Source information below:

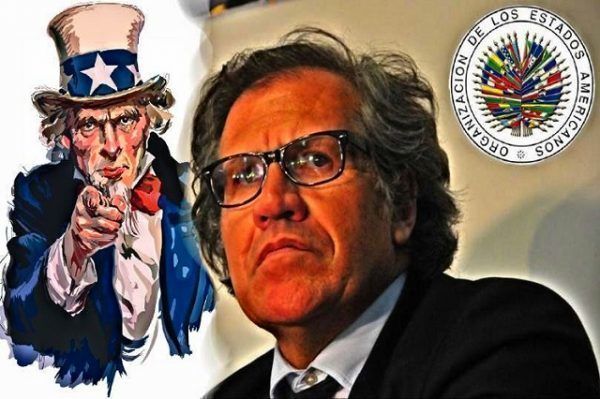 OEA, Estados Unidos y la subversión en Venezuela
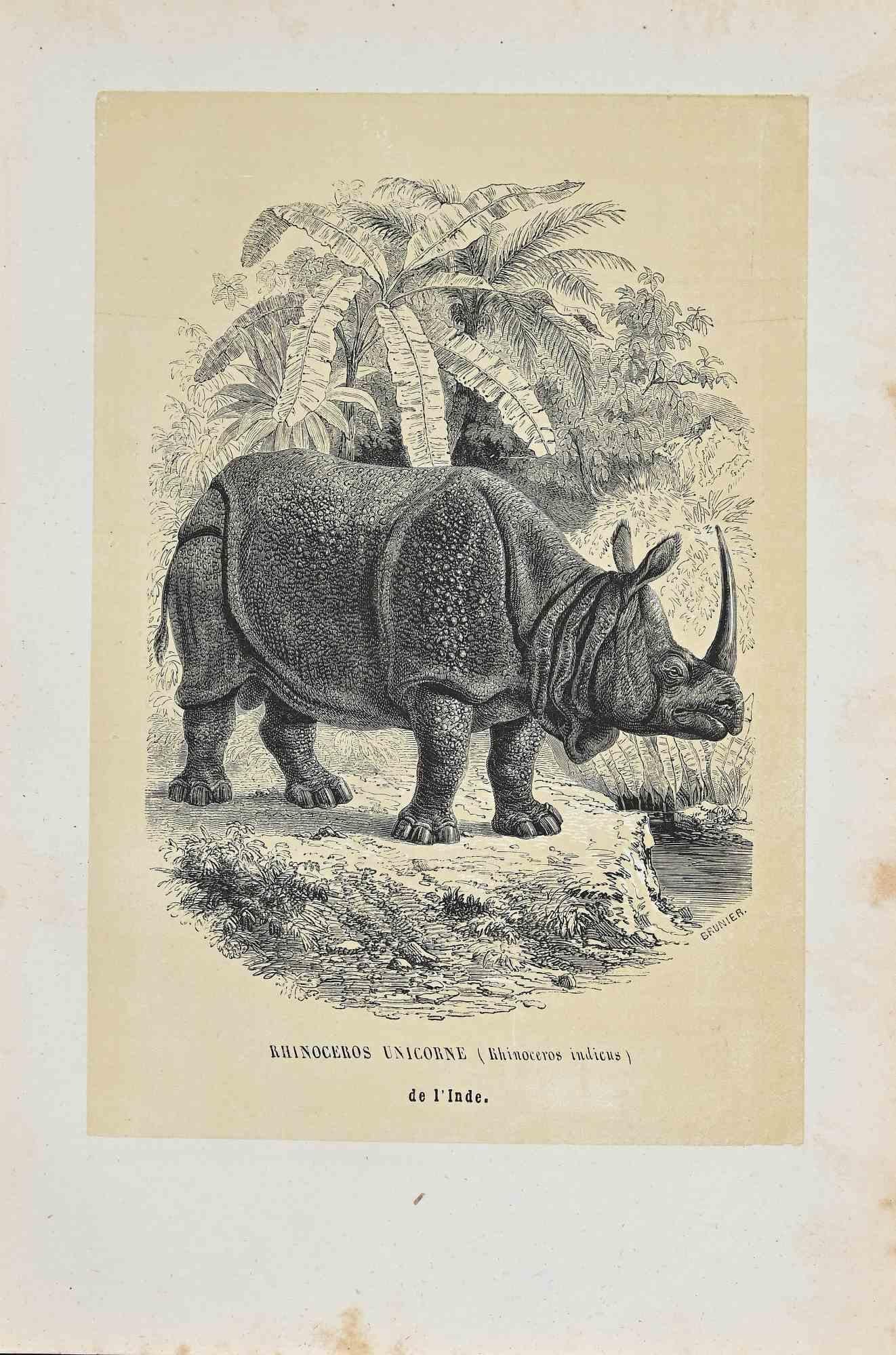 Hippopotamus Licorne est une lithographie originale avec pochoir sur papier couleur ivoire, réalisée par Paul Gervais (1816-1879). L'œuvre est tirée de la série "Les Trois Règnes de la Nature", et a été publiée en 1854.

Bonnes conditions.

Titré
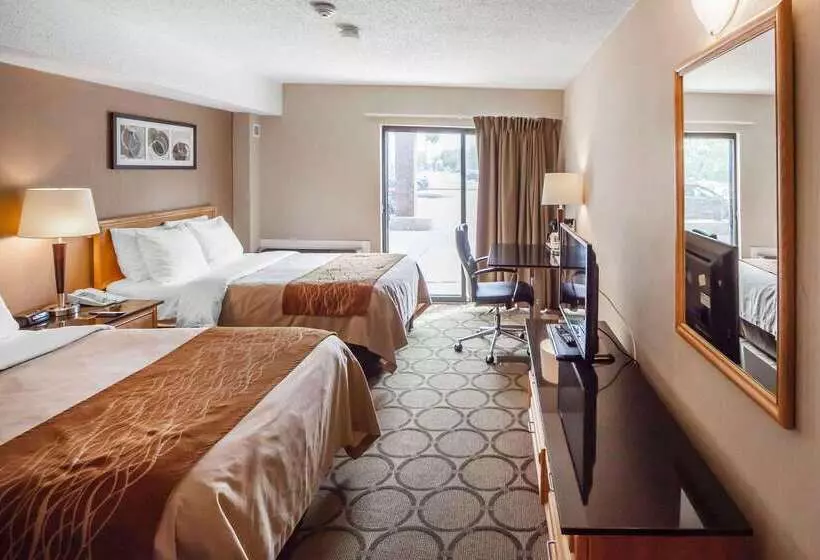 酒店 Comfort Inn West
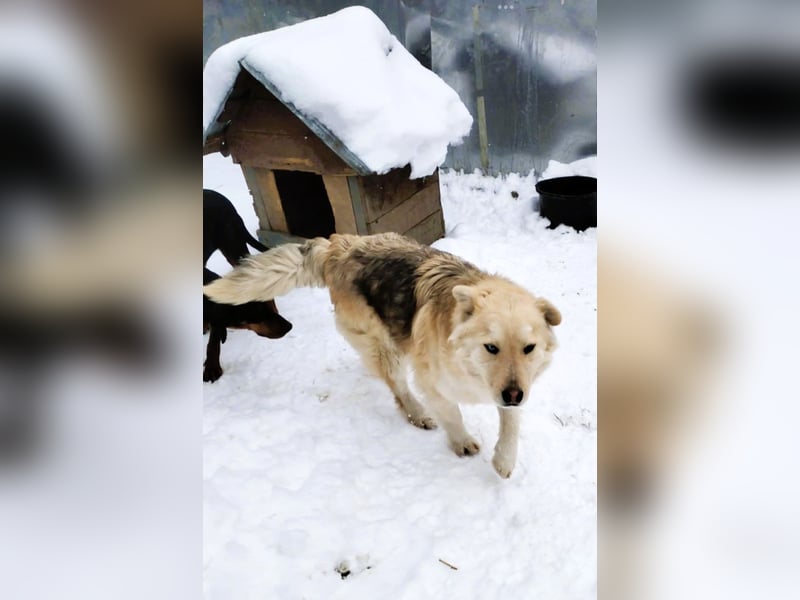 Wunderschöner „Jamie“ – hat das Hundeherz am rechten Fleck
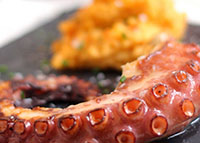 Pulpo-plato-restaurante-hotel-villa-ferias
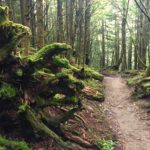 Appalachian Trail Great Smoky Mountains National Park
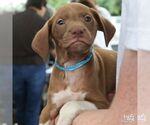 Small #3 Labrador Retriever Mix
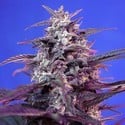 Bloody Skunk Auto (Sweet Seeds) feminisiert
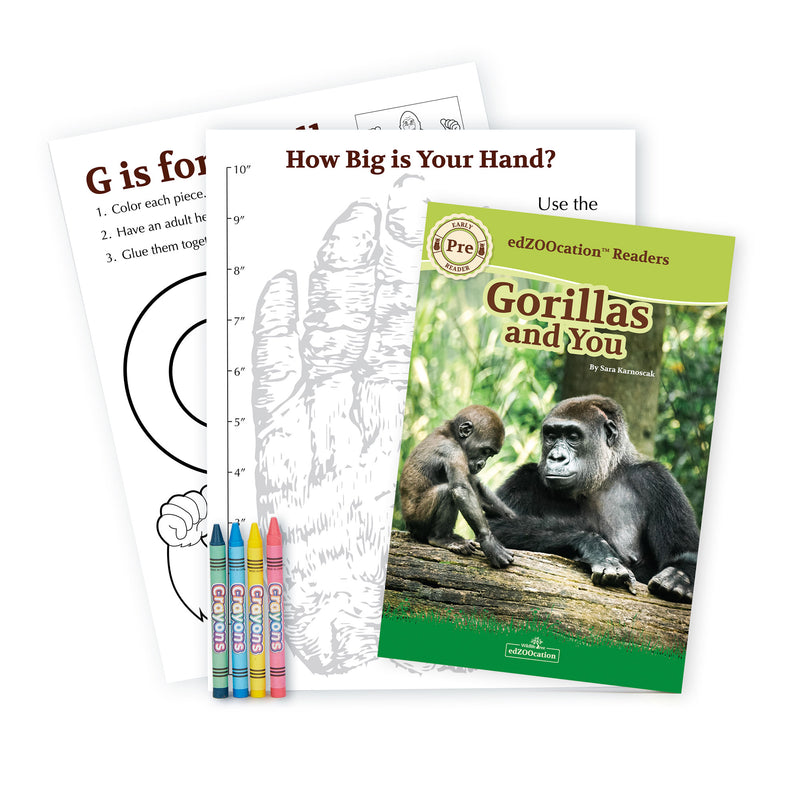 Gorilla Stuffed Animal edZOOcation™ Zookeeper Box (Ages 3-5)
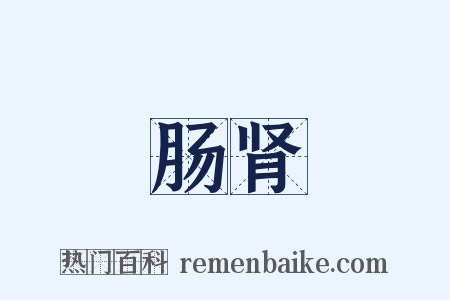 肠肾是什么意思的图片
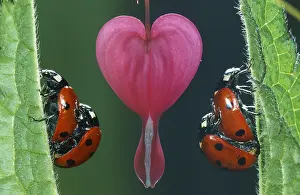 Belgium: Seven-spot Ladybird (Coccinella Septempunctata)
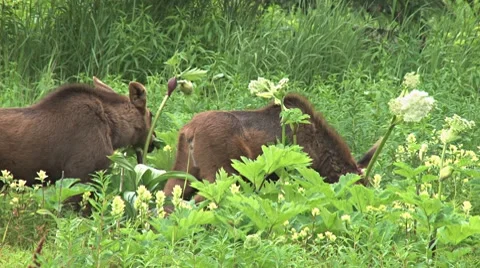 Moose Calves Munching 1 Video stock 7756045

End of Source information.

# Exercise directions
Reproduce only the lines of the records from the start up to and including the line that holds "Belgium: Seven-spot Ladybird"; do not carry over any picture.

# Output
 OEA, Estados Unidos y la subversión en Venezuela
 Hippopotamus Licorne est une lithographie originale avec pochoir sur papier couleur ivoire, réalisée par Paul Gervais (1816-1879). L'œuvre est tirée de la série "Les Trois Règnes de la Nature", et a été publiée en 1854.

Bonnes conditions.

Titré
 酒店 Comfort Inn West
 Wunderschöner „Jamie“ – hat das Hundeherz am rechten Fleck
 Pulpo-plato-restaurante-hotel-villa-ferias
 Appalachian Trail Great Smoky Mountains National Park
 Small #3 Labrador Retriever Mix
 Bloody Skunk Auto (Sweet Seeds) feminisiert
 Gorilla Stuffed Animal edZOOcation™ Zookeeper Box (Ages 3-5)
 肠肾是什么意思的图片
 Belgium: Seven-spot Ladybird (Coccinella Septempunctata)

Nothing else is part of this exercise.